# Another Tarn-X Triumph



## rustjunkie (Sep 22, 2014)

Don't think I would have thought of this if Marty hadn't mentioned it. This badge:














less than 1 minute in a glass of Tarn-X, light rubbing with fingers, rinse:













not bad!


----------



## Nickinator (Sep 22, 2014)

Wow, that looks great! Who knew...

Darcie


----------



## scrubbinrims (Sep 22, 2014)

Nice job and I might try that myself to get the same results, but did you just use your fingers for the rubbing or was there a thumb involved?
Chris


----------



## rollfaster (Sep 22, 2014)

*Wow!*

That's one hell of a difference. Nice.


----------



## vincev (Sep 22, 2014)

wow,thanks for the info.


----------



## bikiba (Sep 23, 2014)

That is amazing! 

Sent from my Nexus 7 using Tapatalk 2


----------



## bike (Sep 23, 2014)

*As a kid would go to the coin shop and buy cheap early pennies*

tARNEX SHINE- then worth less than the ~50c  paid!  once licked a bunch of stamps and put in alubum- hinge? what is a hinge?


----------



## bikiba (Sep 23, 2014)

a lot of people are Tarn-X haters
http://www.amazon.com/Tarn-X-TX-6-Tarnish-Remover-12-Ounce/dp/B000VPEA4Q


----------



## Dale Alan (Sep 23, 2014)

I had no clue,thanks for a great tip. That is quite a difference in a very short amount of time.


----------



## rustystone2112 (Oct 7, 2014)

*tarn-x tips*

many early bike light had silver plated reflectors tarn-x makes them near new again


----------



## Duck (Oct 8, 2014)

That's AWESOME!


----------



## CWCMAN (Oct 11, 2014)

*Use with Caution*

I recently bought some Tarn-X and used it on a Rollfast badge as well. The labeling said that it is not intended for brass or painted surfaces. It cleaned the badge pretty good but it also started to strip off the painted red surface of the badge.


----------



## rustjunkie (Oct 11, 2014)

CWCMAN said:


> I recently bought some Tarn-X and used it on a Rollfast badge as well. The labeling said that it is not intended for brass or painted surfaces. It cleaned the badge pretty good but it also started to strip off the painted red surface of the badge.

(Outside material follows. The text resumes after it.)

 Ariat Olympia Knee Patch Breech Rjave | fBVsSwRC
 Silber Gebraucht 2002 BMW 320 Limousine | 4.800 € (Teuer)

Yes indeed: use with caution. How long did you leave it on/in, and what did you use to wipe/clean it?


----------



## CWCMAN (Oct 11, 2014)

I used a cotton swab dabbed in the Tarn-X. Maybe I was a bit to aggressive around the painted areas but it didn't take much to remove the paint.


----------



## Gearhead (Oct 17, 2014)

Great tip. I'll be trying it very carefully on some of my parts.


----------